The median birth weight was higher in the GFD group compared to the controls (3533 vs. 3440 g, P < 0.003), but the incidences of SGA or LGA did not differ between the study groups. The incidence of pregnancy complications was comparable between the groups. Induction of labor was more frequent (aOR 1.52; 95% CI: 1.12–2.08), and the duration of labor was longer (aOR1.56; 95% CI: 1.18–2.06) in the GFD group, especially among PWAG. However, no difference in the cesarean section rate were found between the groups.

Conclusion

In the present retrospective cohort study, a GFD did not appear to be associated with adverse pregnancy or neonatal outcomes.

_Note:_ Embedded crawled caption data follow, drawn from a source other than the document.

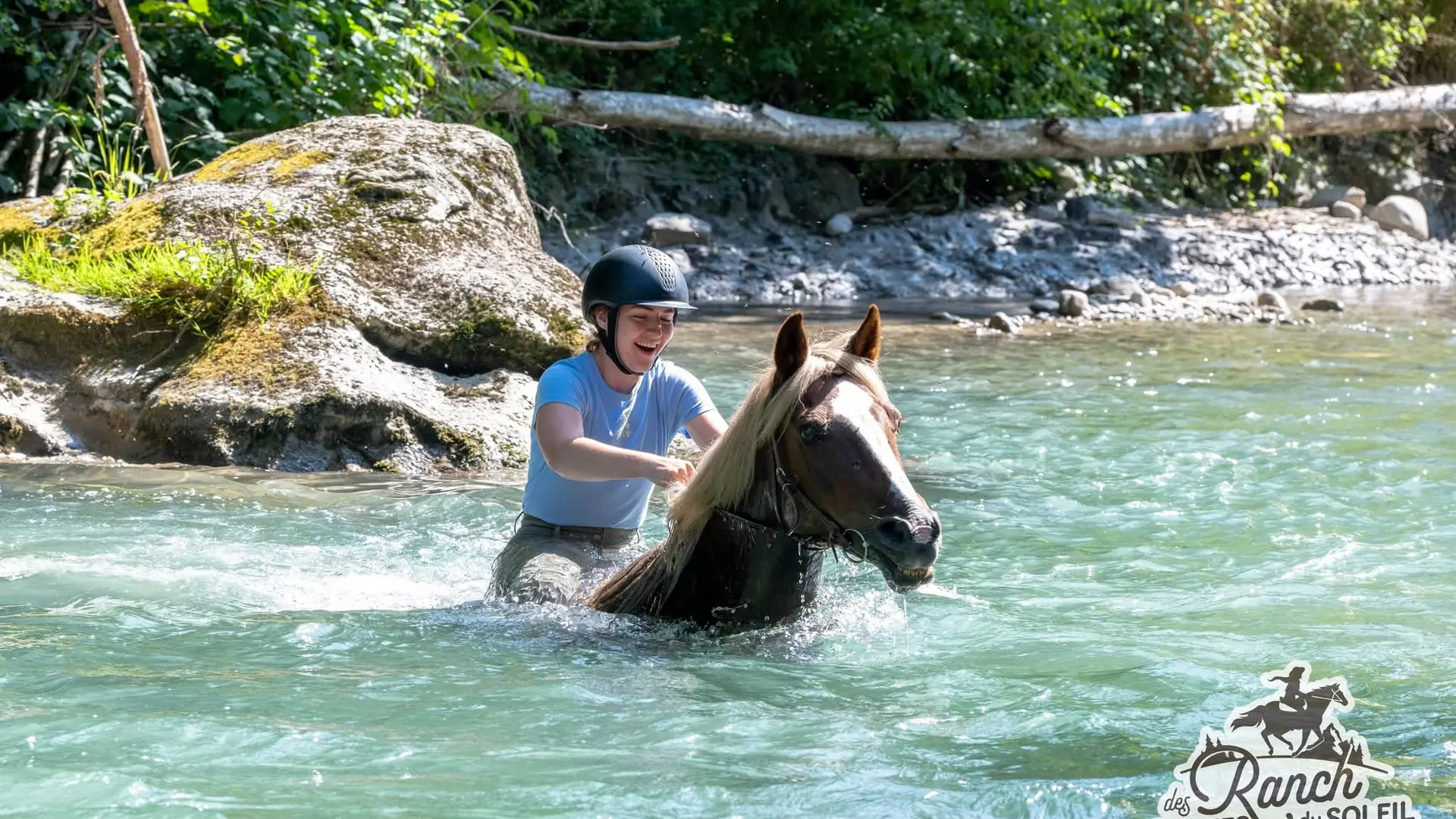 Balade à cheval, dans l'eau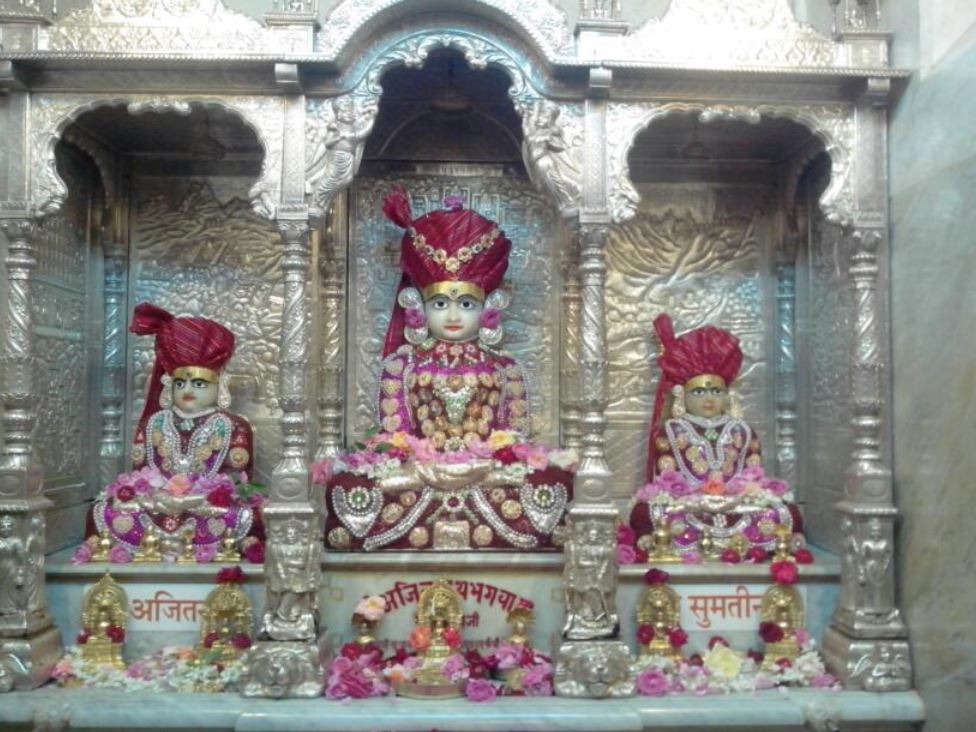 Shree Ajitnath Shwetamber Jain Mandir, Durgad Bail, Hubli, District-Dharwad (Karnataka) image 2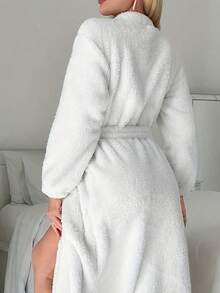 1 Stück Damen Flanell einfarbiger eleganter V-Ausschnitt Langarm Taillierter Bademantel, Flauschiger weicher langer Bademantel warmer Fleece Schalkragen Spa Bademantel, warme Nachtwäsche mit tiefen Taschen, kuschelige und warme Fleece-Decke mit Ärmeln und großer Tasche für Erwachsene, kuscheliger Kapuzendecke als Geschenk für drinnen & Outdoor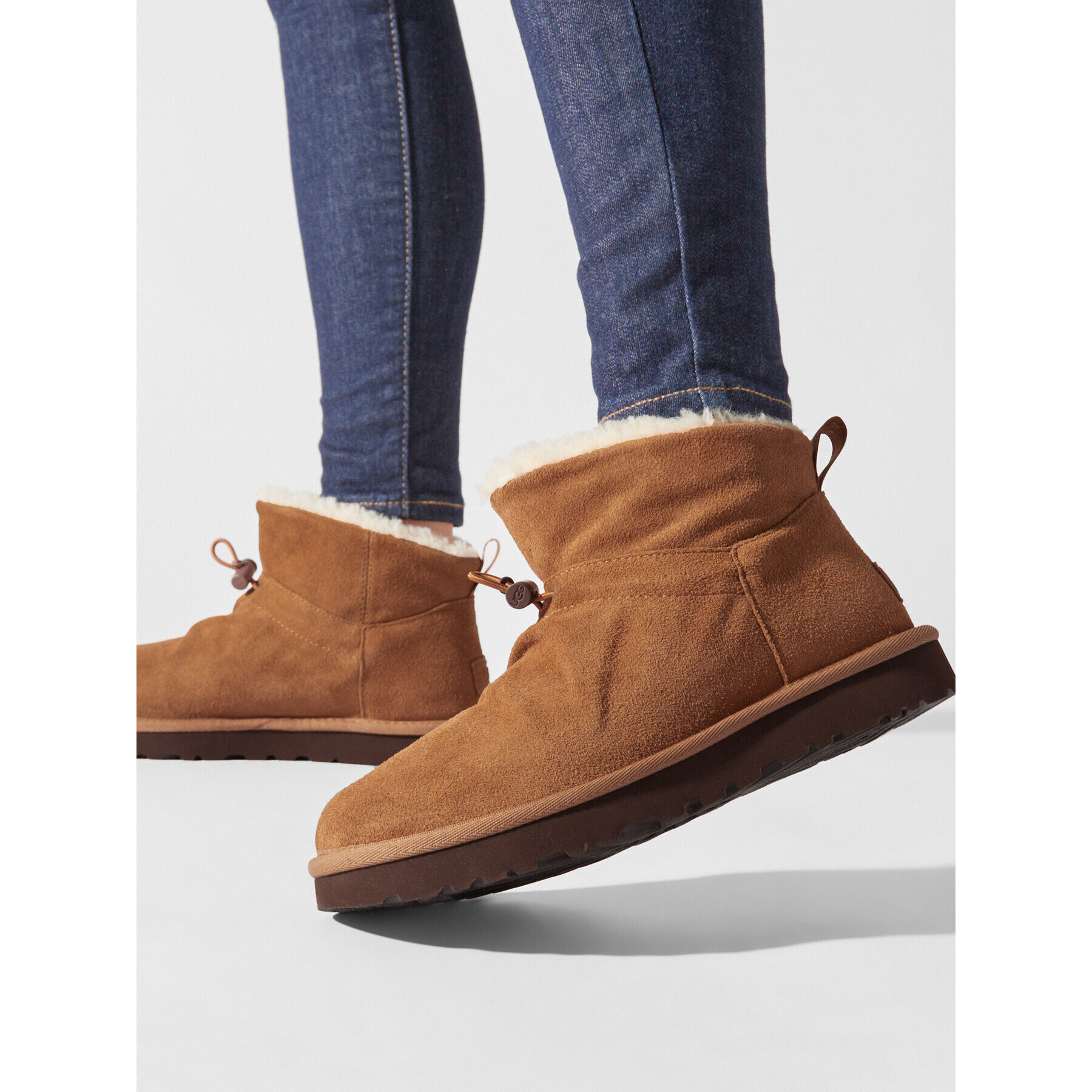 Ugg Boty W Classic Mini Toggler 1143937 Hnědá - Pepit.cz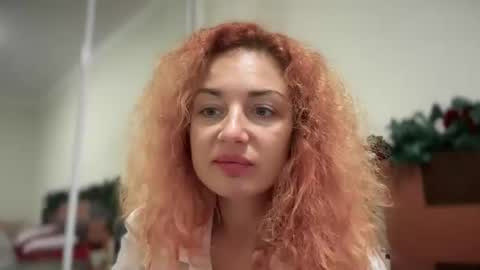 Snapshot of reddgirll chatting on November 28, 2025, 10:40 am reddgirll online show from November 28, 2025, 10:40 am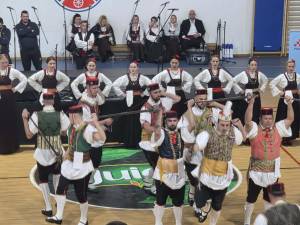 c0083732-c56d-4fe4-9c9a-a052e5ba0a72_original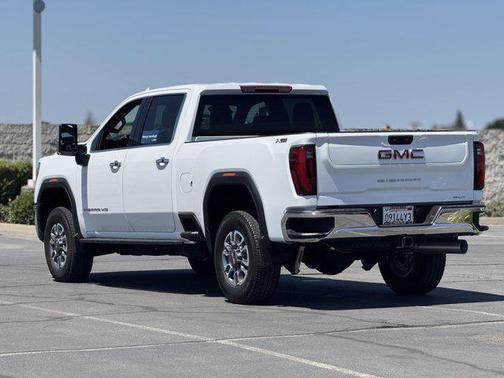 2024 GMC Sierra 2500 SLT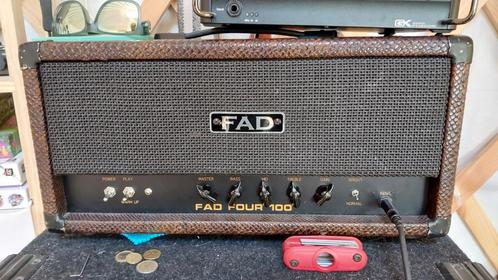 Ampli basse full lampe FAD four 100, 100 watts., Musique & Instruments, Amplis | Basse & Guitare, Utilisé, Enlèvement ou Envoi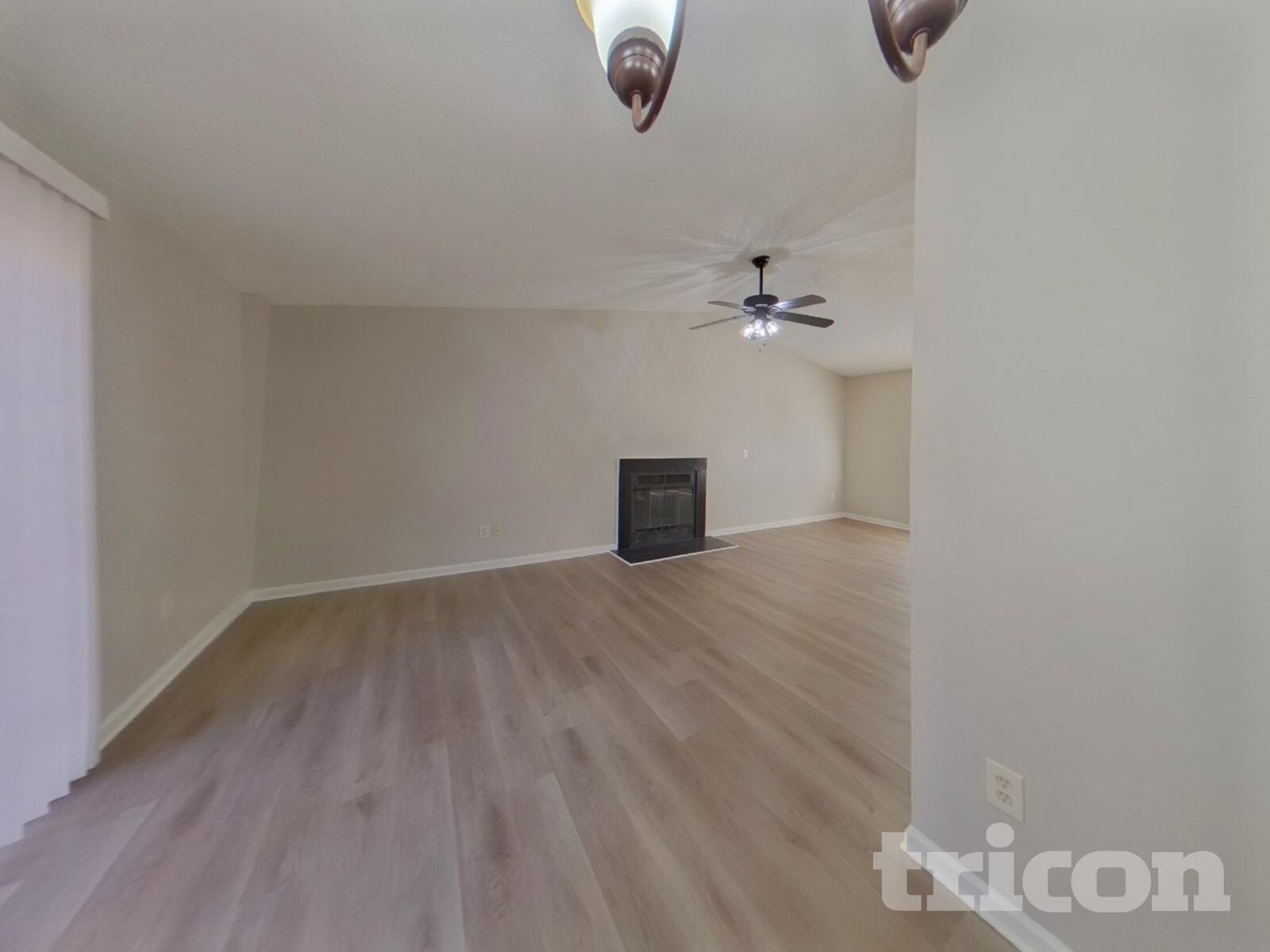 Building Photo - 201 Raintree Dr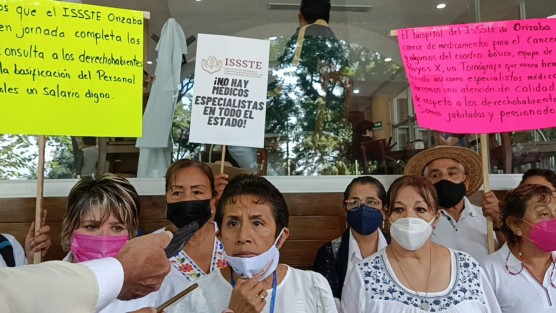 Los inconformes presentaron varias denuncias y demandas, entre las primeras, la falta de personal médico especialista y  medicamentos para el cáncer, en la clínica del ISSSTE de Orizaba. 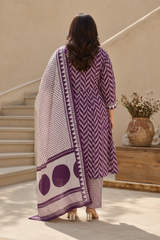 Woman wearing Single mirror work kurtha set | Kunvarani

Keywords: celiac disease, gluten‐free diet, pregnancy, pregnancy outcome

Synopsis

The median birth weight was higher in the gluten‐free diet (GFD) group. A GFD did not appear to be associated with adverse pregnancy or neonatal outcomes.

Abbreviations

AGA: appropriate for gestational age
BMI: body mass index
CD: celiac disease
CS: cesarean section
DF: dietary fiber
GF: gluten‐free
GFD: gluten‐free diet
LGA: large for gestational age
PWAG: people without celiac disease avoiding gluten
SGA: small for gestational age

1. INTRODUCTION

Celiac disease (CD) is an intestinal inflammatory disease that is triggered by dietary gluten derived from wheat, rye, and barley. Without treatment it causes symptoms due to malabsorption, including diarrhea, abdominal pain, bloating and weight loss. ¹ In women, untreated CD may have implications on menstrual and reproductive health, such as delayed menarche, early menopause, secondary amenorrhea, infertility and recurrent miscarriages. ² , ³ , ⁴ Furthermore, untreated CD in pregnant women increases the risk of miscarriage, preterm birth, labor induction, intrauterine growth restriction, and newborns with a low birth weight. ² , ⁵ , ⁶ , ⁷ , ⁸ , ⁹

Clinical studies have shown that a gluten‐free diet (GFD) is important in reducing the risk of adverse pregnancy outcomes in women with CD, making their pregnancies comparable to those of women without CD. ¹⁰ , ¹¹ , ¹² However, a GFD among people without CD diagnosis has also become increasingly popular. ¹³ In the US population it has increased from an estimated 0.5% in 2009 to 1.7% in 2014. In people without CD, claims of the health benefits of a GFD have spread more rapidly than evidence of its potential adverse effects. However, in one observational study, obstetric and fetal outcomes did not differ in women without CD avoiding gluten, compared with control women. ¹³

Gluten‐free food, being richer in carbohydrates and less rich in fiber and protein, may have an impact on fetal growth in women with CD. ¹⁴ In one study, women with CD and gestational diabetes had much the same pregnancy outcomes as women with gestational diabetes alone, but children born from women with CD had significantly higher birth weight and were more likely to be large for gestational age (LGA). ¹⁴ Furthermore, a GFD may have some adverse effects, even in patients with CD, such as micronutrient deficiencies and weight gain. ¹⁵

Only a few studies previously have been concentrated on a GFD and pregnancy outcomes—especially in women without CD. Our hypothesis was that GFD may affect fetal growth, and the primary outcome was neonatal weight. The secondary aim was to seek other pregnancy, delivery, and neonatal outcomes in women with GFD. We also performed subanalyses of patients with diagnosed CD and PWAG.

2. MATERIALS AND METHODS

We collected data retrospectively from the hospital medical registry at Tampere University Hospital. The period studied was between January 2015 and April 2021. The medical registry has information on maternal demographic data, pregnancy complications, delivery data and neonatal health during the first 7 days after birth. Dietic habits or dietic restrictions of all parturients were routinely asked in advance and recorded in maternal files. All gluten free diets were picked, regardless of the possible diagnosis of the patient. Concomitant vegetarian diets were excluded. Altogether, 826 pregnant women were included in the study. During the study period 370 women followed a GFD, and of these, 79 women had been diagnosed with CD and they constituted the celiac disease group. A total of 291 women voluntarily followed a GFD without CD diagnosis, and they constituted the PWAG group. We randomly selected 456 women following an omnivorous diet and they constituted the control group.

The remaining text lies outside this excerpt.